INPUT RECORDS:

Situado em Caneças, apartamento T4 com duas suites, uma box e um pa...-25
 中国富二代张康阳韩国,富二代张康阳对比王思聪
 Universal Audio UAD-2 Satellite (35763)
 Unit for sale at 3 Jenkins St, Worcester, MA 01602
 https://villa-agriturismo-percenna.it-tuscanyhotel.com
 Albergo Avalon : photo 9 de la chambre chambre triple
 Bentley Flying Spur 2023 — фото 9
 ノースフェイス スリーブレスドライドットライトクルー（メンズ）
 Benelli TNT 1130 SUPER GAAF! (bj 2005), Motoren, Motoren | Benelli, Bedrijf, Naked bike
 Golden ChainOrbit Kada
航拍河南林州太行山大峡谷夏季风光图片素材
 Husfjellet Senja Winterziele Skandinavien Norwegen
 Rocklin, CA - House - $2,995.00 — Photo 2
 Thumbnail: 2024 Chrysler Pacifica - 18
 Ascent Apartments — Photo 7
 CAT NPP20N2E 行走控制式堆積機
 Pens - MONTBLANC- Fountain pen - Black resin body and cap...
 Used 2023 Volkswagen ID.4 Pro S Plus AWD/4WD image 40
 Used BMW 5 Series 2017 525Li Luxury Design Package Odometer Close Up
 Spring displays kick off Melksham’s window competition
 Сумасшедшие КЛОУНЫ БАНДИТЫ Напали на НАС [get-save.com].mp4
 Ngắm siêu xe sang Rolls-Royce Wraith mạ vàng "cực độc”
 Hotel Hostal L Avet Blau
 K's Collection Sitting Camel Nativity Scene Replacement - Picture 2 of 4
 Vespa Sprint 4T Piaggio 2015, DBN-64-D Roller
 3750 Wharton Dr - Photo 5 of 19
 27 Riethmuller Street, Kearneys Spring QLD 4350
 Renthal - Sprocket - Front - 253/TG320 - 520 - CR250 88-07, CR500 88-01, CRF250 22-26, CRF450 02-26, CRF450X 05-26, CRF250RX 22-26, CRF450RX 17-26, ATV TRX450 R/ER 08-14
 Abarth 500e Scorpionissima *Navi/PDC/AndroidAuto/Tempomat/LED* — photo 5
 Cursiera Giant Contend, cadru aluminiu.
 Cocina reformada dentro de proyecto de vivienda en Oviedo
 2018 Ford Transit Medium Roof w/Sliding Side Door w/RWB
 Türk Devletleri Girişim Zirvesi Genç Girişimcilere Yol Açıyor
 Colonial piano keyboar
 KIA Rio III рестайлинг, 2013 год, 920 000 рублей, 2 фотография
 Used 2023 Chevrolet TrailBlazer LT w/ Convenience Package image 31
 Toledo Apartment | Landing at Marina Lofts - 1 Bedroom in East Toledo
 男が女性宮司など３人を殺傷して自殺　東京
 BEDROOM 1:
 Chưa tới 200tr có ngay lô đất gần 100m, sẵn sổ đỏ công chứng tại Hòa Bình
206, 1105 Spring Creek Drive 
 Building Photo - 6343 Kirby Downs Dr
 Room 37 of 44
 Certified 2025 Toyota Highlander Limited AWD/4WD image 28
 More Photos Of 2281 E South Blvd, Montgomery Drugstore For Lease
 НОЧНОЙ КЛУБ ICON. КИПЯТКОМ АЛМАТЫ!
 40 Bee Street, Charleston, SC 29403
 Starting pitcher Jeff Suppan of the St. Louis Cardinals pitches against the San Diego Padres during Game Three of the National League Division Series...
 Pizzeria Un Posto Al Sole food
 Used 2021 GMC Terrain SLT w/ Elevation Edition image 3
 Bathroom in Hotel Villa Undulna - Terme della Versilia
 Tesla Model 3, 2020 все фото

TASK DESCRIPTION:
In this exercise, give every record above again exactly.

RESPONSE BOX:
Situado em Caneças, apartamento T4 com duas suites, uma box e um pa...-25
 中国富二代张康阳韩国,富二代张康阳对比王思聪
 Universal Audio UAD-2 Satellite (35763)
 Unit for sale at 3 Jenkins St, Worcester, MA 01602
 https://villa-agriturismo-percenna.it-tuscanyhotel.com
 Albergo Avalon : photo 9 de la chambre chambre triple
 Bentley Flying Spur 2023 — фото 9
 ノースフェイス スリーブレスドライドットライトクルー（メンズ）
 Benelli TNT 1130 SUPER GAAF! (bj 2005), Motoren, Motoren | Benelli, Bedrijf, Naked bike
 Golden ChainOrbit Kada
航拍河南林州太行山大峡谷夏季风光图片素材
 Husfjellet Senja Winterziele Skandinavien Norwegen
 Rocklin, CA - House - $2,995.00 — Photo 2
 Thumbnail: 2024 Chrysler Pacifica - 18
 Ascent Apartments — Photo 7
 CAT NPP20N2E 行走控制式堆積機
 Pens - MONTBLANC- Fountain pen - Black resin body and cap...
 Used 2023 Volkswagen ID.4 Pro S Plus AWD/4WD image 40
 Used BMW 5 Series 2017 525Li Luxury Design Package Odometer Close Up
 Spring displays kick off Melksham’s window competition
 Сумасшедшие КЛОУНЫ БАНДИТЫ Напали на НАС [get-save.com].mp4
 Ngắm siêu xe sang Rolls-Royce Wraith mạ vàng "cực độc”
 Hotel Hostal L Avet Blau
 K's Collection Sitting Camel Nativity Scene Replacement - Picture 2 of 4
 Vespa Sprint 4T Piaggio 2015, DBN-64-D Roller
 3750 Wharton Dr - Photo 5 of 19
 27 Riethmuller Street, Kearneys Spring QLD 4350
 Renthal - Sprocket - Front - 253/TG320 - 520 - CR250 88-07, CR500 88-01, CRF250 22-26, CRF450 02-26, CRF450X 05-26, CRF250RX 22-26, CRF450RX 17-26, ATV TRX450 R/ER 08-14
 Abarth 500e Scorpionissima *Navi/PDC/AndroidAuto/Tempomat/LED* — photo 5
 Cursiera Giant Contend, cadru aluminiu.
 Cocina reformada dentro de proyecto de vivienda en Oviedo
 2018 Ford Transit Medium Roof w/Sliding Side Door w/RWB
 Türk Devletleri Girişim Zirvesi Genç Girişimcilere Yol Açıyor
 Colonial piano keyboar
 KIA Rio III рестайлинг, 2013 год, 920 000 рублей, 2 фотография
 Used 2023 Chevrolet TrailBlazer LT w/ Convenience Package image 31
 Toledo Apartment | Landing at Marina Lofts - 1 Bedroom in East Toledo
 男が女性宮司など３人を殺傷して自殺　東京
 BEDROOM 1:
 Chưa tới 200tr có ngay lô đất gần 100m, sẵn sổ đỏ công chứng tại Hòa Bình
206, 1105 Spring Creek Drive 
 Building Photo - 6343 Kirby Downs Dr
 Room 37 of 44
 Certified 2025 Toyota Highlander Limited AWD/4WD image 28
 More Photos Of 2281 E South Blvd, Montgomery Drugstore For Lease
 НОЧНОЙ КЛУБ ICON. КИПЯТКОМ АЛМАТЫ!
 40 Bee Street, Charleston, SC 29403
 Starting pitcher Jeff Suppan of the St. Louis Cardinals pitches against the San Diego Padres during Game Three of the National League Division Series...
 Pizzeria Un Posto Al Sole food
 Used 2021 GMC Terrain SLT w/ Elevation Edition image 3
 Bathroom in Hotel Villa Undulna - Terme della Versilia
 Tesla Model 3, 2020 все фото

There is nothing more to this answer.